Dr. Jörg-Peter Elbers
Biography & Abstract
Biography: Dr. Jörg-Peter Elbers received the diploma and the Dr.-Ing. degree in electrical engineering from Dortmund University, Germany, in 1996 and 2000, respectively.
From 1999-2001 he was with Siemens AG – Optical Networks, last as Director of Network Architecture in the Advanced Technology Department. In 2001 he joined Marconi Communications (now Ericsson) as Director of Technology in the Optical Product Unit. Since September 2007 he is with ADVA AG Optical Networking, where he is currently Vice President Advanced Technology in the CTO office and responsible for Technology Strategy and Innovation Projects.

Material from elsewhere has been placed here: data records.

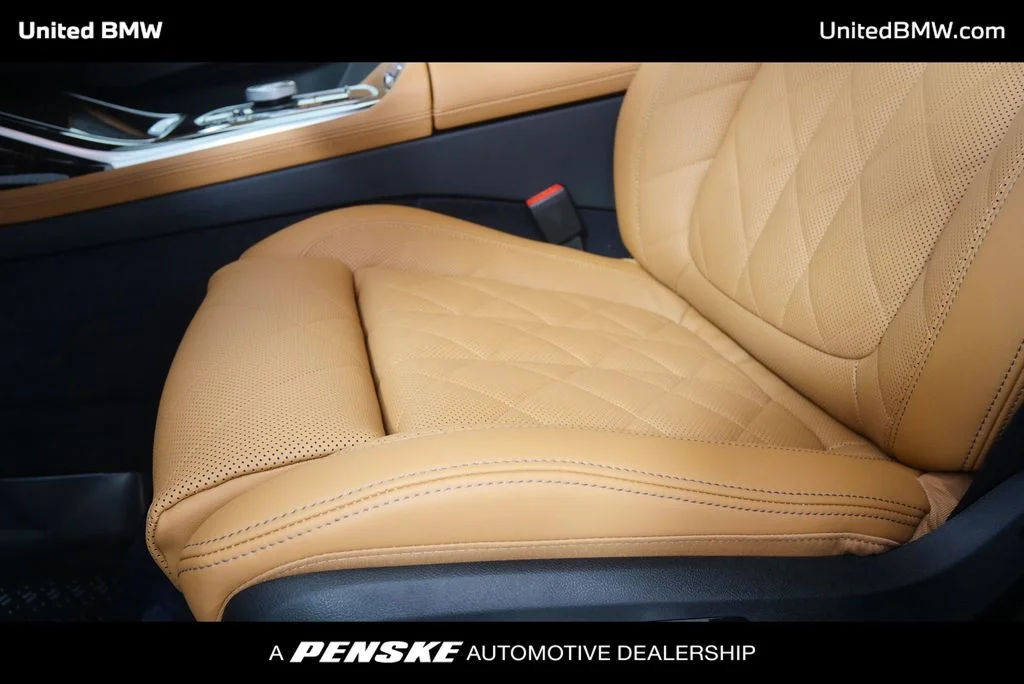 New 2027 Mineral White Metallic BMW xDrive40i image 9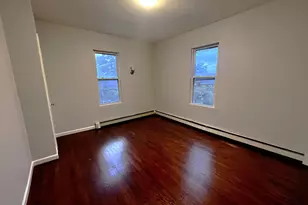 1485 Iranistan Ave, Bridgeport, CT 06605 - Photo 9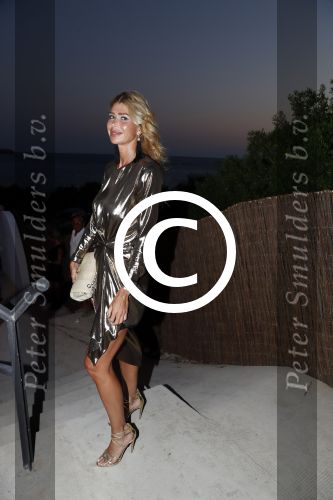 ibiza 23 juni 2017
Opening restarant club Xaxa van EWesley Sneijder en zijn vrouw Yolanthe Sneijder Cabau op eht strand van Cala Tarida. Estelle Cruijff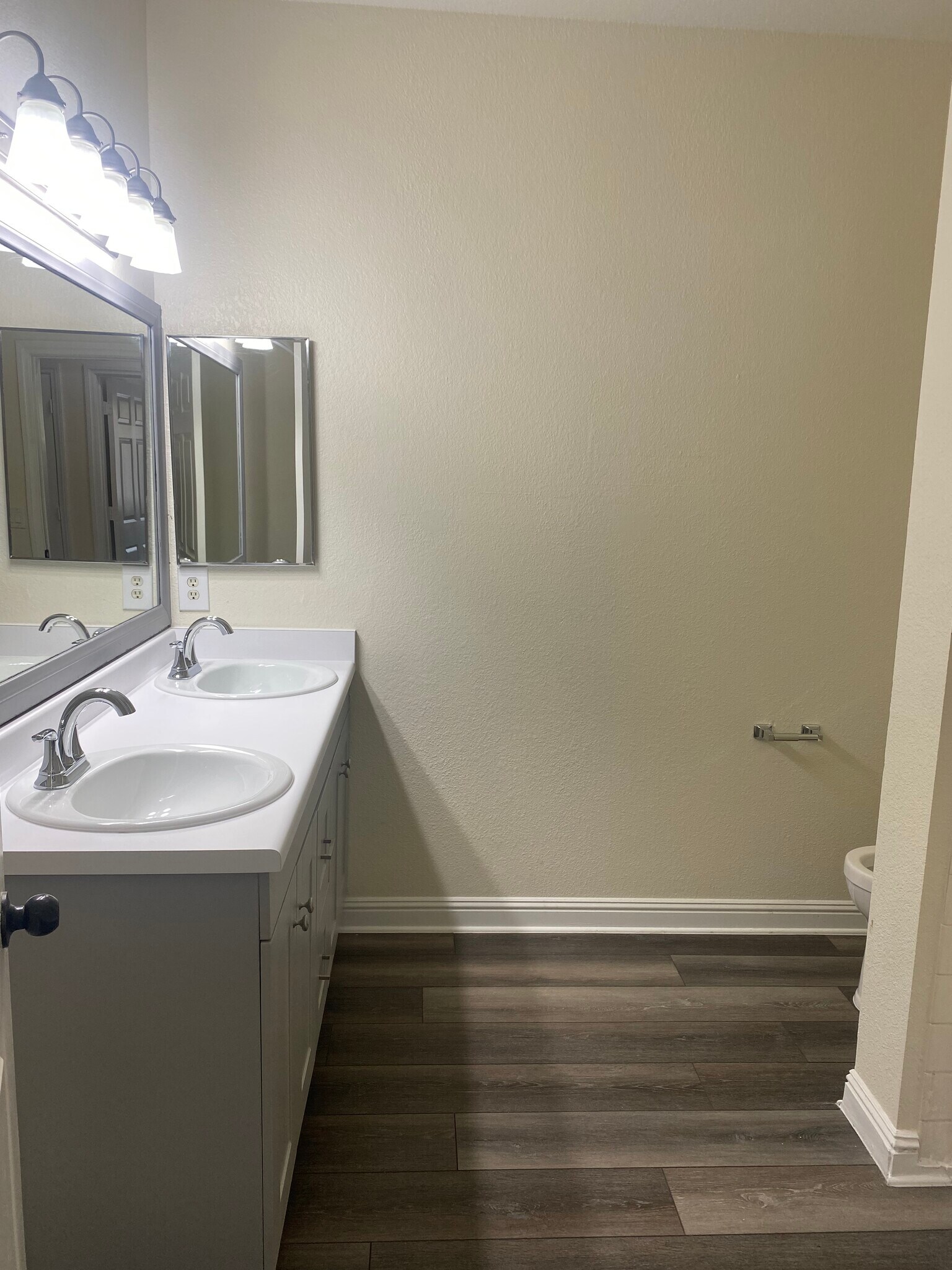 Building Photo - 5250 S Rainbow Blvd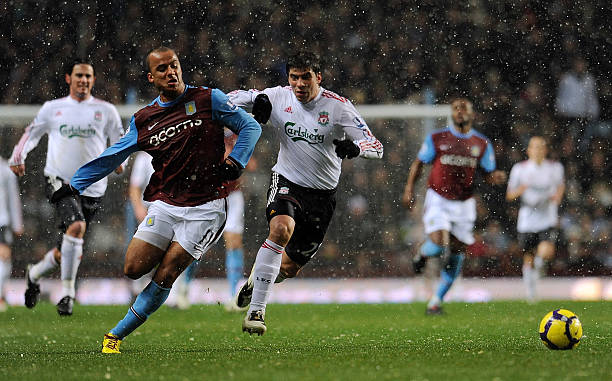 有的年轻球 有的年轻球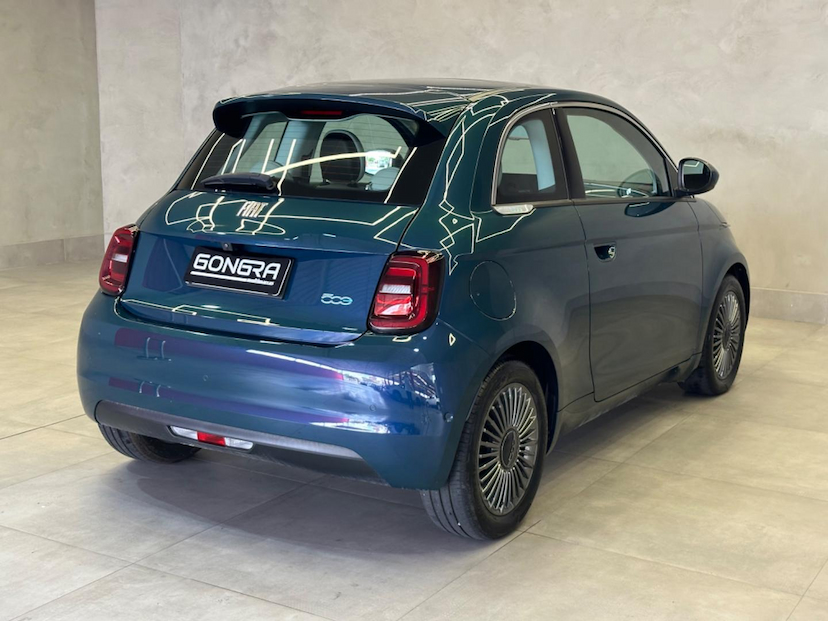 Foto do veículo FIAT 500 E ICON 2022 4.128 KM 129.900,00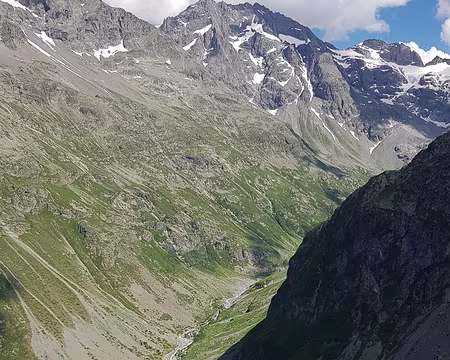 2023_07_04-15_52_42 Vers le fond de la vallée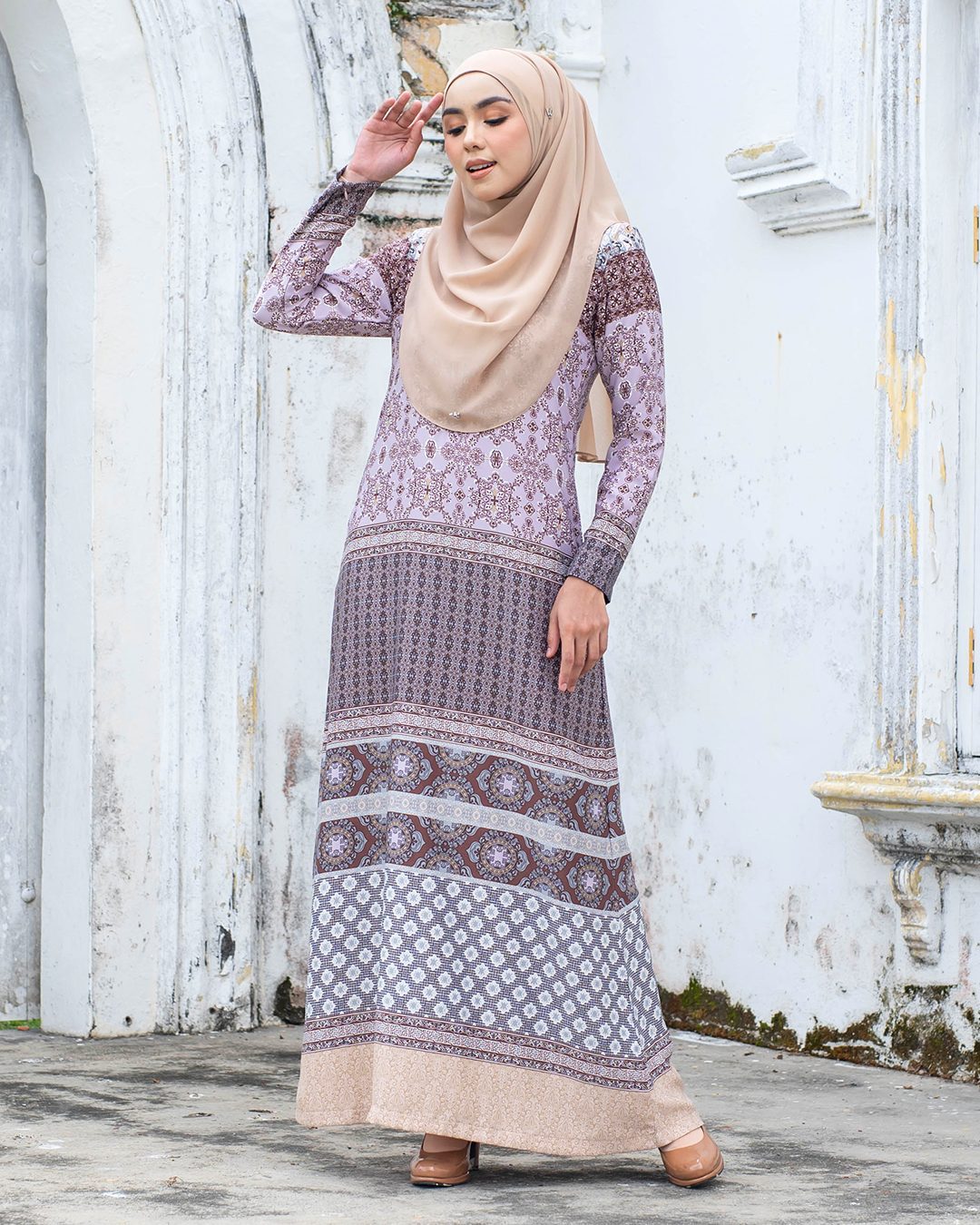 Abaya Reniqa - Wheat Brown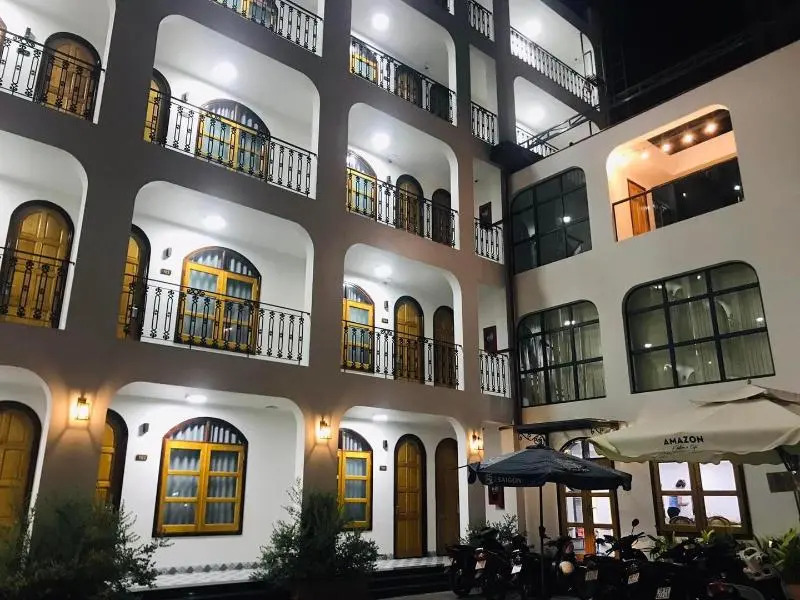 Mai Hotel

Abstract: This presentation discusses WDM technologies as basis for next-generation optical access networks. It describes drivers and requirements. Challenges as well as possible solutions are outlined.
Biography & Abstract
Biography: Curt Badstieber is currently Project Leader in the Next Generation Optical Access (NGOA) group formed by NSN in October 2008. His main tasks are, amongst others, customer relationship management, keeping an eye on standardization as well as feature management in view of real life deployment scenarios of Optical Access Systems being specified and engineered at NSN.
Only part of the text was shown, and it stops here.